A fluorogenic assay for screening Sirt6 modulators

Abstract

A fluorogenic high-throughput assay suitable for screening Sirt6 modulators is developed based on the recently discovered efficient activity of Sirt6 to hydrolyze myristoyl lysine. Sirt6 modulators will be useful for investigating the function of Sirt6 and protein lysine fatty acylation.

Sirtuins are a class of evolutionarily conserved enzymes with nicotinamide adenine dinucleotide (NAD)-dependent protein deacetylase activity (Fig. 1).^{1, 2} There are seven sirtuins in mammals, Sirt1-7,³ which are reported to regulate important biological processes, including life span, transcription, genome stability, and metabolism.^4–6 Small molecules that can modulate sirtuin activity have been shown to have potential for treating several human diseases.^{7, 8} Sirtuin inhibitors can inhibit cancer cell growth and promote apoptosis.^9–16 Sirt2 inhibitors were reported to provide beneficial effects in Parkinson’s and Huntington’s diseases.^{17, 18} Sirtuin activators can potentially be used to treat diabetes¹⁹ and promote longevity.²⁰ However, the effects of sirtuin activators are still controversial.^{21, 22}

Fig. 1.

The deacylation reactions catalyzed by different sirtuins.

To facilitate the development of small molecules that can regulate sirtuin activity, high-throughput assays for sirtuins have been developed.
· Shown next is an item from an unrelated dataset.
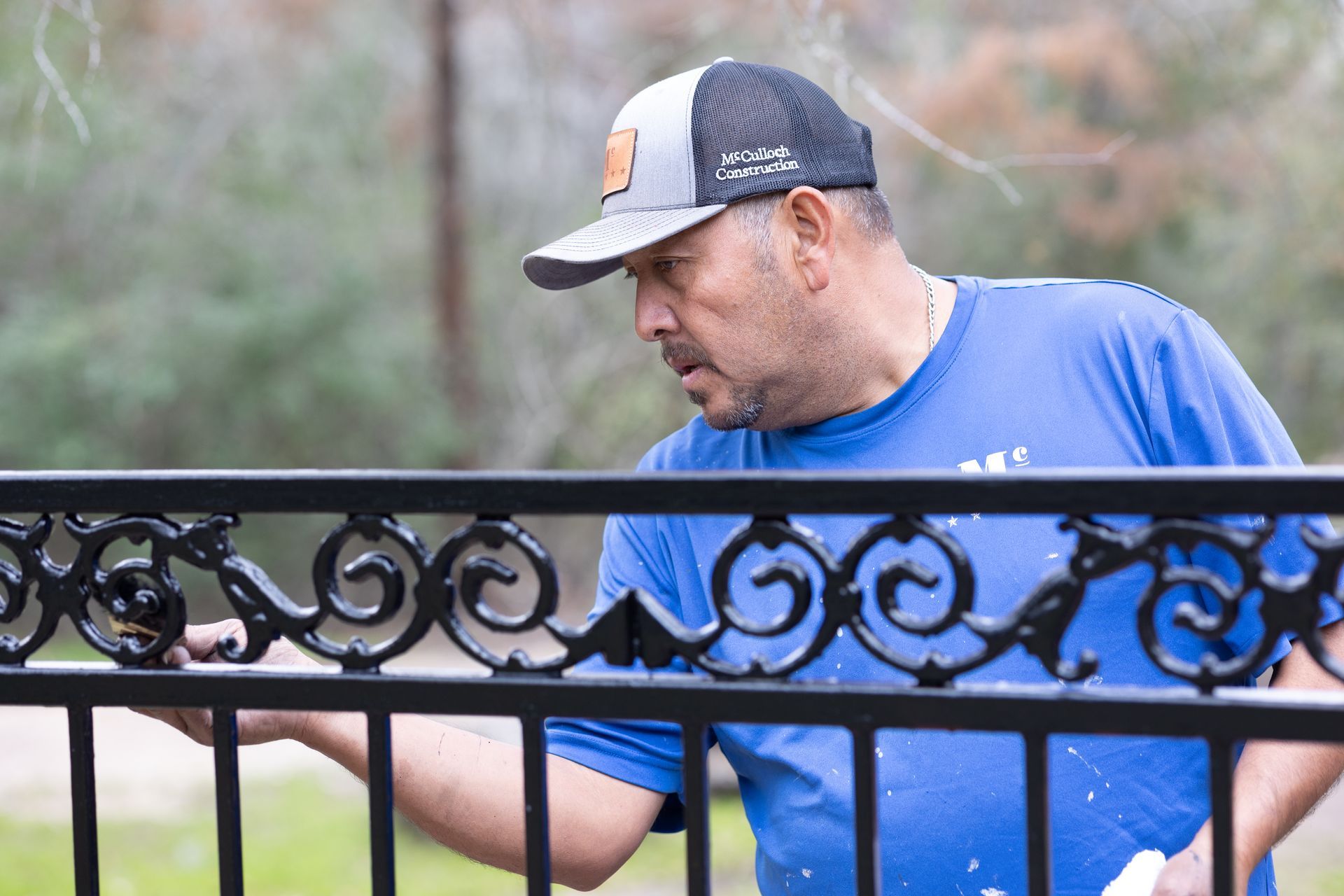 A man in a blue shirt is painting a metal fence.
One is a fluorogenic assay that couples the deacetylation to the trypsin-catalyzed amide bond hydrolysis to release a fluorescent small molecule, 7-amino-4-methylcoumarin (AMC, Fig. 2).²³ The other method is a fluorescence resonance energy transfer (FRET)-based assay where a donor dye and an acceptor dye are connected to an acetyl peptide substrate. The deacetylation followed by trypsin digest disrupts the FRET signal.²⁴ The fluorogenic assay using AMC-acetyl peptide can be easily miniaturized and automated for high-throughput analysis and has been used for screening deacetylase inhibitors and activators.^{19, 20}

Fig. 2.

The fluorogenic assay for the deacetylases (Sirt1, 2 and 3) using AMC-acetyl peptides, the fluorogenic assay for Sirt5 using AMC-succinyl peptides and fluorogenic assay for Sirt6 using AMC-myristoyl peptides.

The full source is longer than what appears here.